Darahnya masih terus mengucur. Bagian luka menganga terlalu lebar untuk sekedar dibendung jari tengah dan telunjuk.
Selepas sholat, Umar memanggil Ibnu Abbas. Umar berpikir apakah beliau memiliki dosa terhadap orang-orang sehingga layak mendapatkan perlakuan ditusuk seperti itu. Beliau juga menyuruh Ibnu Abbas untuk menyelidiki siapakah yang telah menusuk beliau.
Ibnu Abbas berkeliling pada sekumpulan orang-orang, mayoritasnya bersedih menangis mengetahui kondisi Umar. Bahkan sebagian mereka berkata:
لَوَدِدْنَا أَنَّ اللهَ زَادَ فِي عُمُرِكَ مِنْ أَعْمَارِنَا
Sungguh kami berharap agar Allah ambil usia kami untuk ditambahkan pada usia anda (wahai Umar)(riwayat Ibnu Sa’ad dalam atThobaqootul Kubroo)
Duhai demikian besar kecintaan rakyat kepada Umar, sang Amirul Mukminin.
Didapat informasi bahwa pembunuh Umar adalah Abu Lu’lu-ah seorang Majusi, hamba sahaya milik al-Mughiroh bin Syu’bah. Sebelumnya, Umar tidak mengetahui hal itu dan sempat berpesan kepada Ibnu Abbas: Janganlah kalian tergesa-gesa bertindak terhadap pembunuhku. Umar diberi tahu bahwasanya orang itu telah bunuh diri. Mendengar hal itu Umar mengucapkan Innaa lillaahi wa innaa ilayhi rooji’un. Setelah diberi tahu bahwasanya pembunuhnya adalah Abu Lu’lu’ah seorang Majusi, Umar pun bertakbir: Allaahu Akbar.

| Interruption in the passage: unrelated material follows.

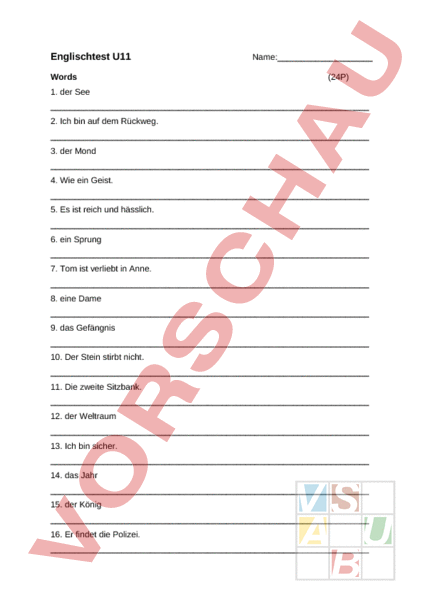 Arbeitsblatt Test U11 Englisch Rechtschreibung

Umar bersyukur bahwa pembunuh beliau bukan seorang muslim. Umar bin al-Khoththob radhiyallahu anhu berkata:
الْحَمْدُ لِلَّهِ الَّذِي لَمْ يَجْعَلْ مِيتَتِي بِيَدِ رَجُلٍ يَدَّعِي الْإِسْلَامَ
Segala puji bagi Allah yang tidak menjadikan kematianku di tangan seorang laki-laki yang mengaku sebagai muslim (H.R al-Bukhari)
Diriwayatkan juga bahwa Umar berkata:
الْحَمْدُ لله الَّذِي لَمْ يَجْعَلْ قَاتِلِي يُحَاجَّنِي عِنْدَ اللهِ بِسَجْدَةٍ سَجَدَهَا قَطُّ
Segala puji bagi Allah yang tidak menjadikan pembunuhku nanti akan berhujjah di hadapan Allah karena (setidaknya) ia pernah satu kali sujud untuk Allah (riwayat Ibnu Syihab)
Sebagian Ulama berdalil dengan atsar Umar ini bahwa seorang muslim yang membunuh secara sengaja masih bisa diharapkan ampunan Allah untuknya (disarikan dari Fathul Baari syarh Shahih al-Bukhari karya Ibnu Hajar (7/64)). Artinya, ia masih bisa berhujjah untuk mengharap ampunan dengan keislamannya yang mengandung ibadah sholat.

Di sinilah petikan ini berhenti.